━━━ Records for processing

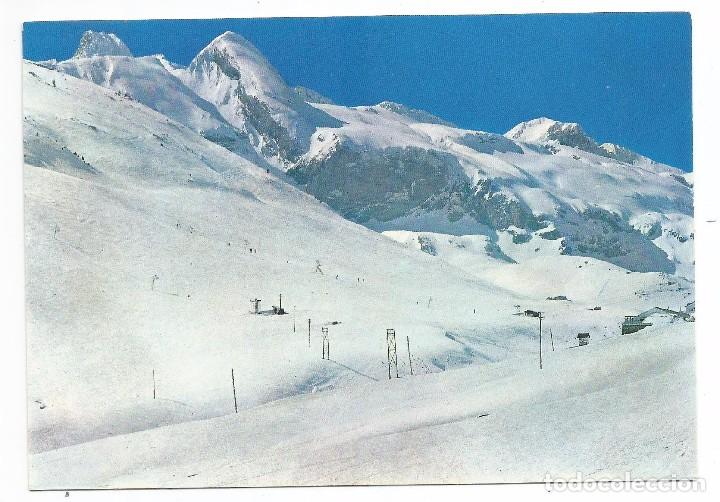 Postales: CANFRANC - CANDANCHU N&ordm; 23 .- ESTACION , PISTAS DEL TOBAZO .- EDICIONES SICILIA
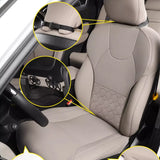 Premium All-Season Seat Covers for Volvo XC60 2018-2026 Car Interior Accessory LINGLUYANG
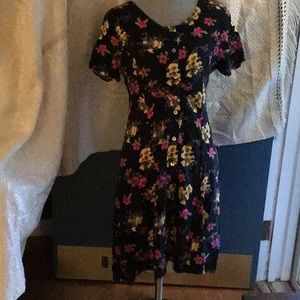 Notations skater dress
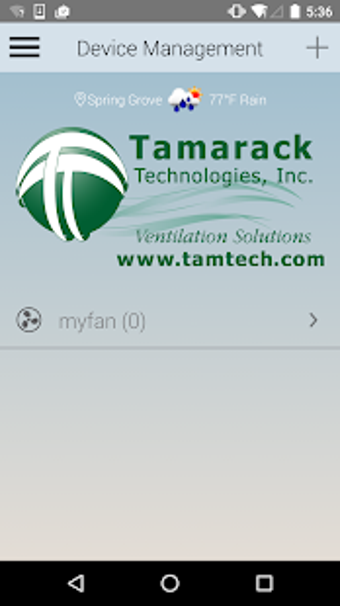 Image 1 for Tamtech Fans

━━━━━━
━━━ Records for processing

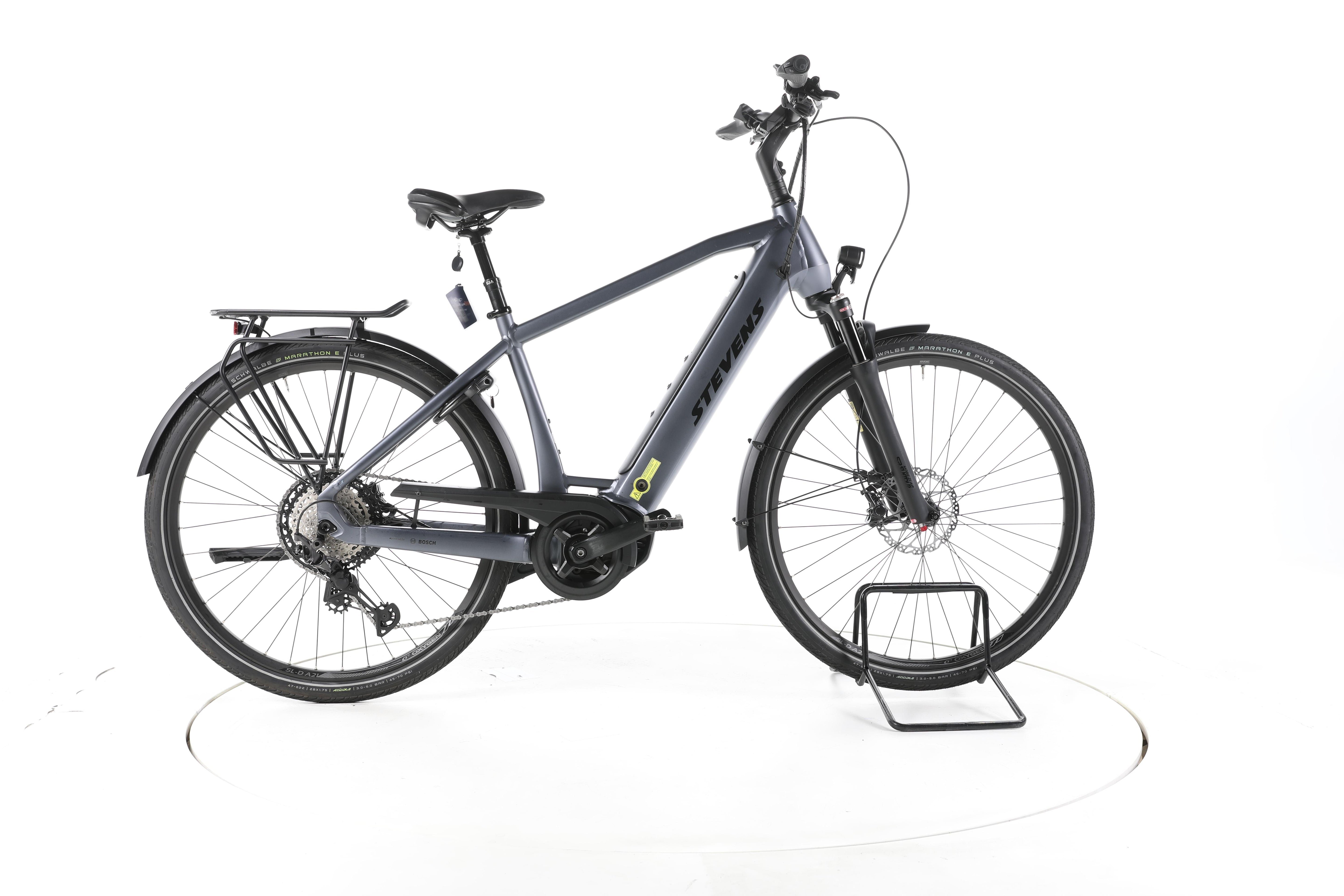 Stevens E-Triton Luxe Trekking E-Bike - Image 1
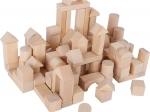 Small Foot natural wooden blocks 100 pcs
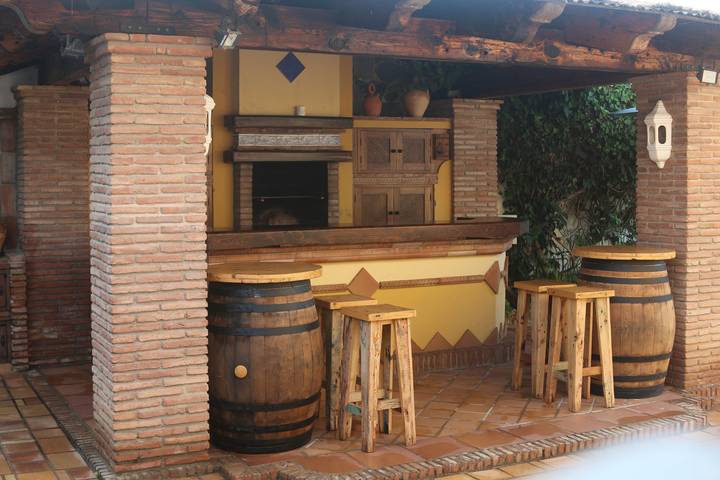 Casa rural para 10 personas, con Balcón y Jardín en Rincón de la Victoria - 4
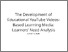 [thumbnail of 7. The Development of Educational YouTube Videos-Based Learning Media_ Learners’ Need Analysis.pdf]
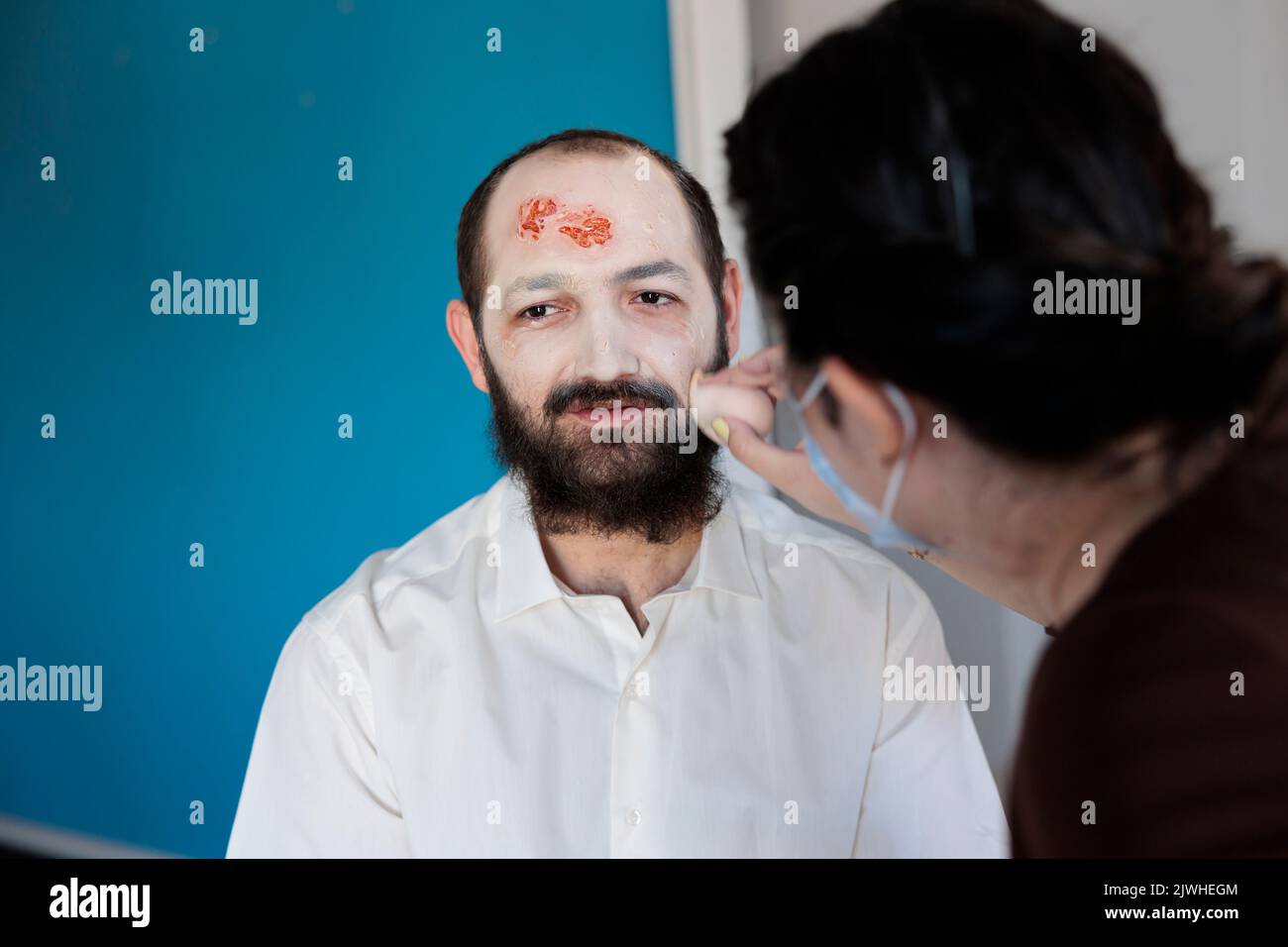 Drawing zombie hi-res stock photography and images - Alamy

━━━━━━
━━━ Records for processing

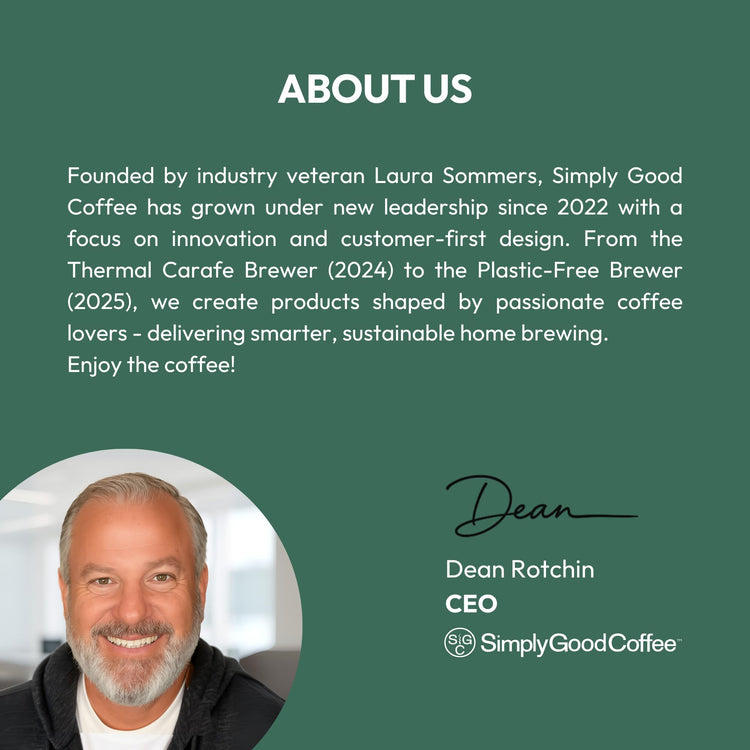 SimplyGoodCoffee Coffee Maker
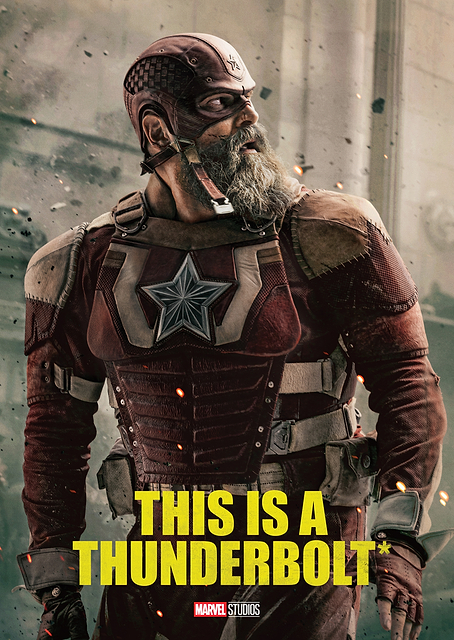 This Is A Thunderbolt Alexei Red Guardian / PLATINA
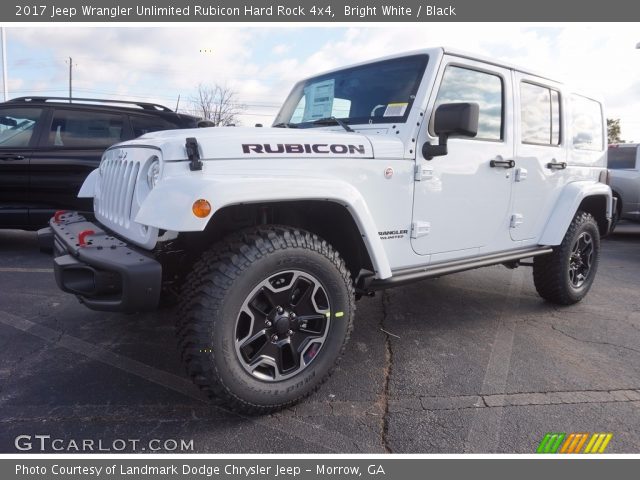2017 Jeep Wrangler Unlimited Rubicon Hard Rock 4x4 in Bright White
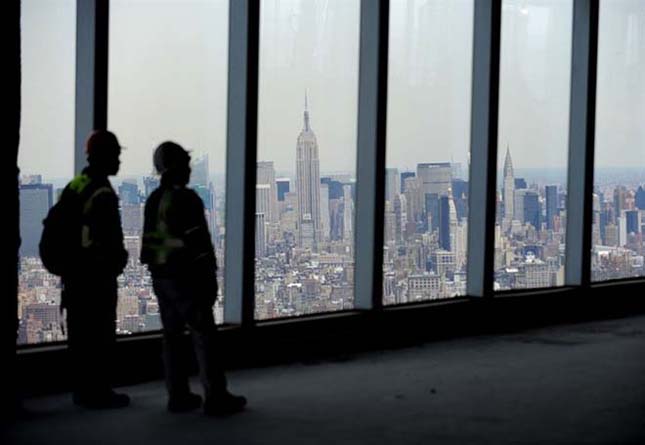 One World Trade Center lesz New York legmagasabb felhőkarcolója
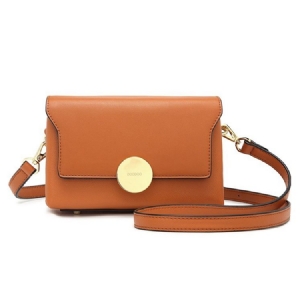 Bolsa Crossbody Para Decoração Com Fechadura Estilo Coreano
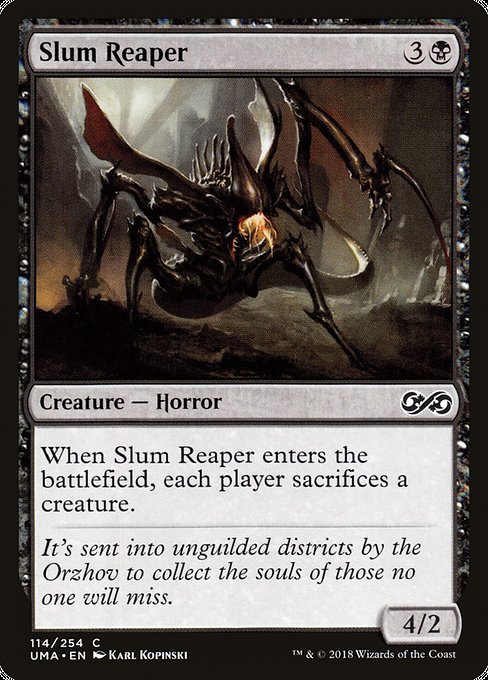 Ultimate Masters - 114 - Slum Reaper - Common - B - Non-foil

━━━━━━

# Action item:
Look above for the line with "Postales: CANFRANC - CANDANCHU" and copy exactly from it through the line with "Image 1 for Tamtech Fans", both included. Omit the pictures.

# Exercise response:
 Postales: CANFRANC - CANDANCHU N&ordm; 23 .- ESTACION , PISTAS DEL TOBAZO .- EDICIONES SICILIA
 Premium All-Season Seat Covers for Volvo XC60 2018-2026 Car Interior Accessory LINGLUYANG
 Notations skater dress
 Image 1 for Tamtech Fans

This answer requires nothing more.